# "Retail therapy" vs. getting gifts from your husband



## shy_guy (Jan 25, 2012)

Question for the ladies: How do you balance out your desire to buy for yourself with allowing your husband to buy you something? (Don't laugh at me ... you know who you are who want to laugh at me right now ... If you feel a desire to laugh, then tell me how you would balance it out if it were something to be balanced in your household.  )

I'm curious because this is one area where I really wish I'd get a chance a little more often. Before you read on, this is absolutely NOT a complaint – just something I would like to do a little more often and better.

My wife manages our household finances, and I have no problem with that – she’s fantastic. We make decisions together on major purchases, but she makes decisions on everything in the household and clothing departments. She buys everything for me from my underwear to my house shoes. 

I go shopping with her. I don’t like shopping really, but I do like getting out of the house with her, especially when going to her ethnic grocery stores. I always look for things to buy her, but when we’re together, she will always object and tell me to not spend the money.

Recently, because I never got a chance to buy for her, I talked to her about giving me more than just my lunch money each payday. I asked her to give me an allowance I could save and buy things for her. She agreed. However; I still have a problem … she doesn’t tell me much of what she wants, and when she does tell me, I need to make plans on going to buy it. Before I get a chance to buy it, she will go and buy it for herself, then apologize to me for spending money on herself. She will especially do this if she gets stressed – she engages in what my daughters call “Retail therapy.”

First of all, *I LIKE IT* when she spends money on herself. *I WANT HER* to spend money on herself. I think *SHE DESERVES* to spend money on herself, even for things she may not really need. Our household finances are GREAT and she absolutely should NOT feel guilty about spending on herself. But her shopping habits crowd out every chance I have to buy for her – she just beats me to it.

Today, when we were shopping, she joked as we walked by the diamonds that I needed to focus on the jewelry. (Since I just asked her to tell me what she wanted, I’m beyond hope if I missed that one.) I’m very happy to focus on that jewelry, and in about one more payday, I’ll have enough of my allowance to focus there quite nicely. But is this it? I mean, I’d like to buy things a bit more frequently and give them to her as gifts, or sometimes take her shopping and buy what she wants for her. I think I could still manage to get nice jewelry sometimes … but I feel like I’m competing a bit with the “Retail therapy” … and I’m not winning. This is not going quite as well as I had hoped when we discussed this allowance idea. 

I’m not making any judgments on anybody, I’m just wondering how other ladies would handle balancing it out if in our position. Who knows … I may find many ladies need the retail therapy more than they need gifts.


----------



## GreenEyes (Jan 27, 2011)

Had a bit of retail therapy today!! Found some very cute stuff  I prefer retail therapy to gifts....I like to shop, I like hunting around for unique clothes/jewelry, I went into a store today with a friend that I had forgotten was even around here, it's more of a stoner store LOL but I found the most _beautiful_ shirt that I had ever seen, and I bet when I wear it out next weekend, nobody else in the bar we're going to will have it on, that makes me feel good  

Idk gifts are ok, before my H I was engaged to a guy that gave me gifts _all_ the time, and it was pretty stuff, stuff I liked, but I much prefer the satisfaction I get when shopping for myself, finding things....

On the flip side, I do no shopping for my H, he does it all himself.

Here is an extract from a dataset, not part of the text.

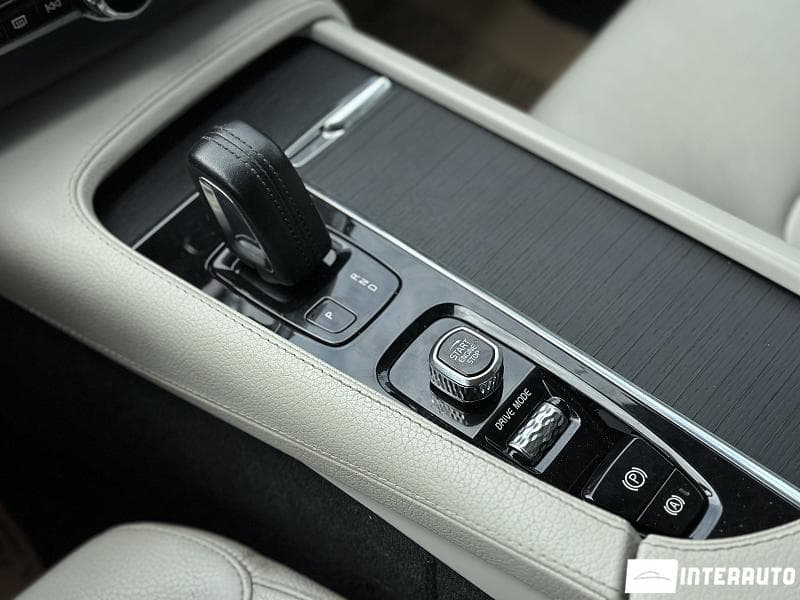 Volvo XC 90 2020 — Миниатюра 17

He'll ask my opinion on shirts once in a while, but not often. I don't even attempt to buy him clothes, when he needs them, he gets them....and when I want them I get them :lol:


----------



## greenpearl (Sep 3, 2010)

shy_guy,

A lot of Asian women are happy and content if their husbands are faithful, respectful, responsible, and loving. 

They don't care much about gifts after they get married. We don't have this gift giving culture after we get married, especially when she is managing your money! We buy what we need!

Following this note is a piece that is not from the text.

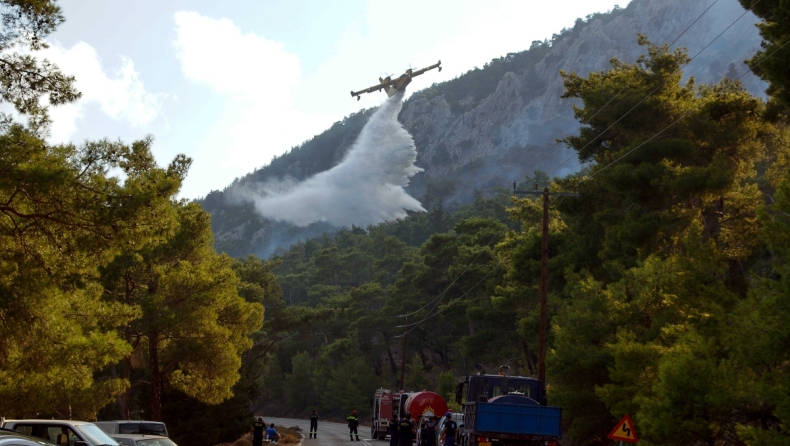 Ανεξέλεγκτη η φωτιά στο Ξυλόκαστρο: Έχουν σταλεί δύο μηνύματα από το 112 για εκκένωση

I don't want my husband to buy me gifts either. If I want something, I just tell him, and we go out together and do the shopping. I don't want him to go out alone and get me something I don't like. If he gets me something I don't like, I view that wasting money. 

It's great that you want to buy her gifts and make her happy. I think she is already happy and content with you. 

Take her out and buy her a piece of jewelry, she will be very happy.


----------



## CLucas976 (Jun 27, 2010)

I have always preferred random gifts. BUT I am a gift person.

I will see something that reminds me of someone and have to buy it for them, even if it's little. My brain also catalogs things people mention they like, or miss, or whatever so if I see it, it's an instant trigger whether I'm even on good terms with that person or not.

I always did random gifts for my ex. I once bought him a book of records of..Tchaikovsky because that's one of his favorites and I happened upon it lol, it was right after a fight too and I could not stop myself from buying it even though I was still mad.

Just the thought that you saw something and it reminded you of me so much you had to buy it for me makes my whole day 

I litterally have to force myself to buy things just for me, I've been working on it, but its hard. So I've always preferred random gifts for no reason.


----------



## SimplyAmorous (Nov 25, 2009)

shy_guy said:


> My wife manages our household finances, and I have no problem with that – she’s fantastic. We make decisions together on major purchases, but she makes decisions on everything in the household and clothing departments. She buys everything for me from my underwear to my house shoes.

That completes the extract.